What's needed is the listing below, repeated word for word with no pictures.

[Data shown]:
--- --- ---
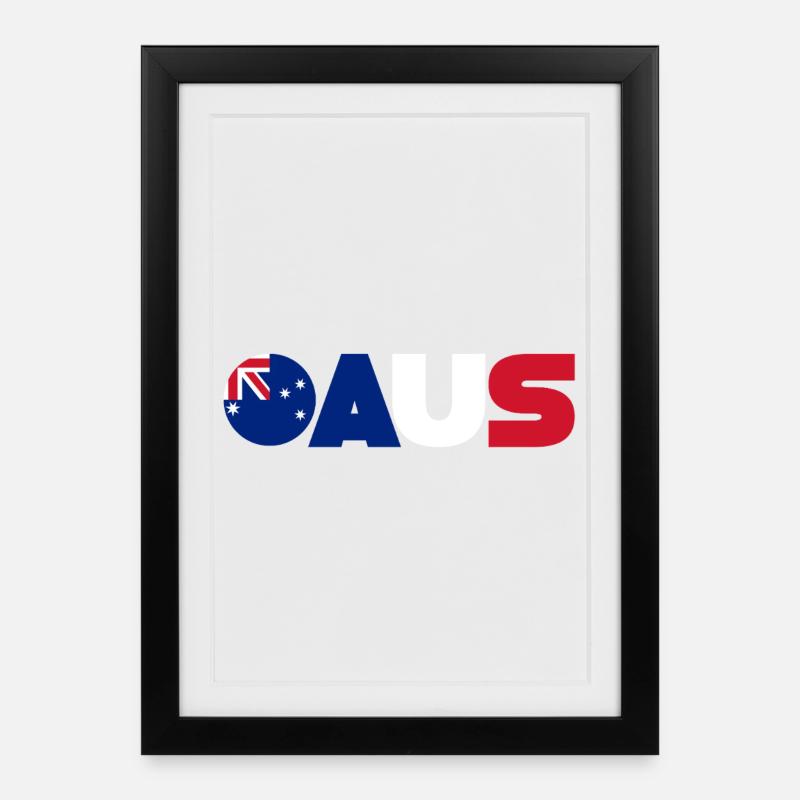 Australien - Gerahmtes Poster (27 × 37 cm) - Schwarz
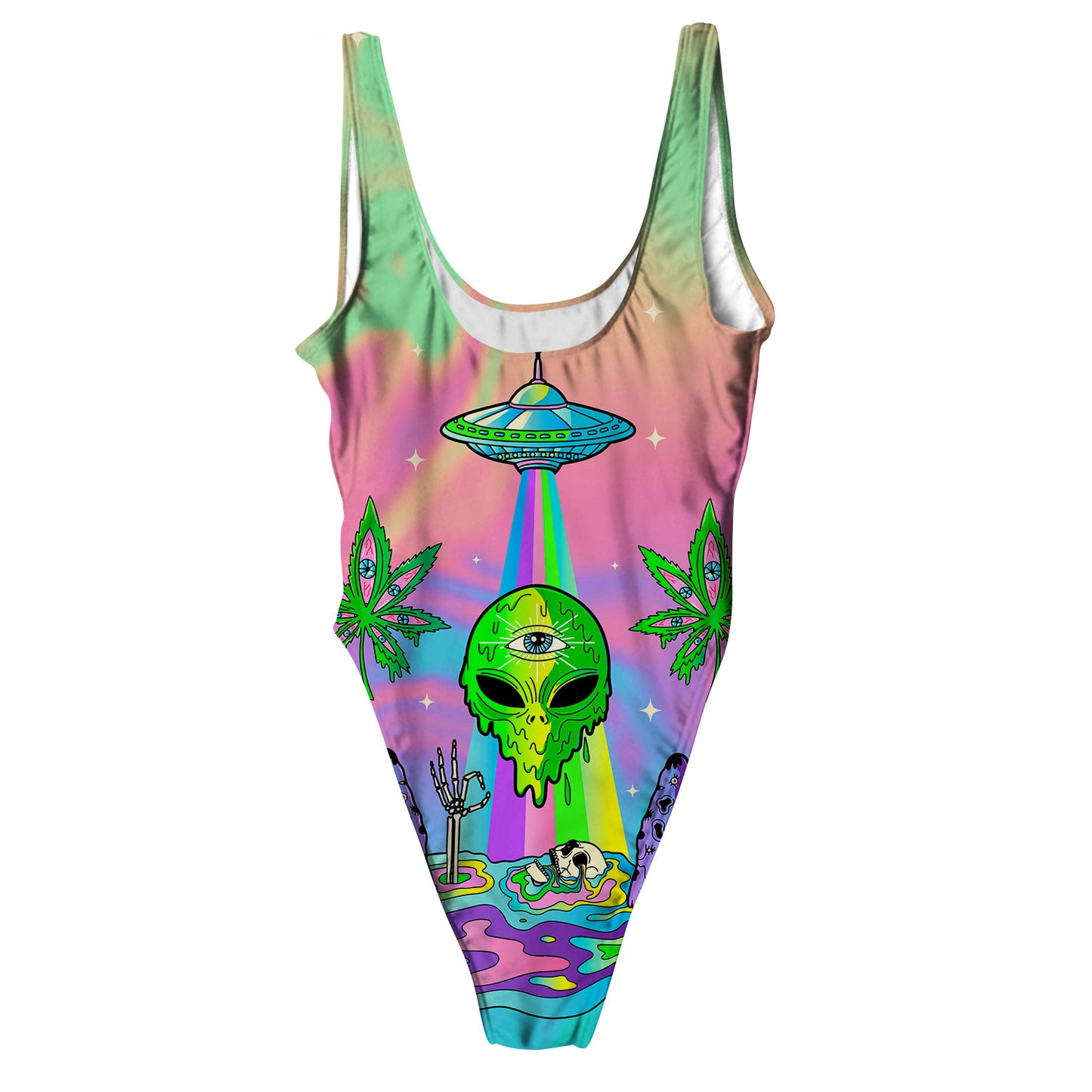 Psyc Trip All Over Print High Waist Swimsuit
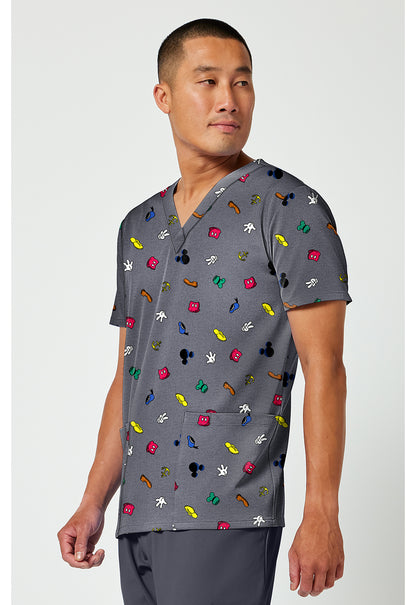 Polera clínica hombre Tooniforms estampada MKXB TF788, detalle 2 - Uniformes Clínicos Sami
--- --- ---
[Written answer]:
 Australien - Gerahmtes Poster (27 × 37 cm) - Schwarz
 Psyc Trip All Over Print High Waist Swimsuit
 Polera clínica hombre Tooniforms estampada MKXB TF788, detalle 2 - Uniformes Clínicos Sami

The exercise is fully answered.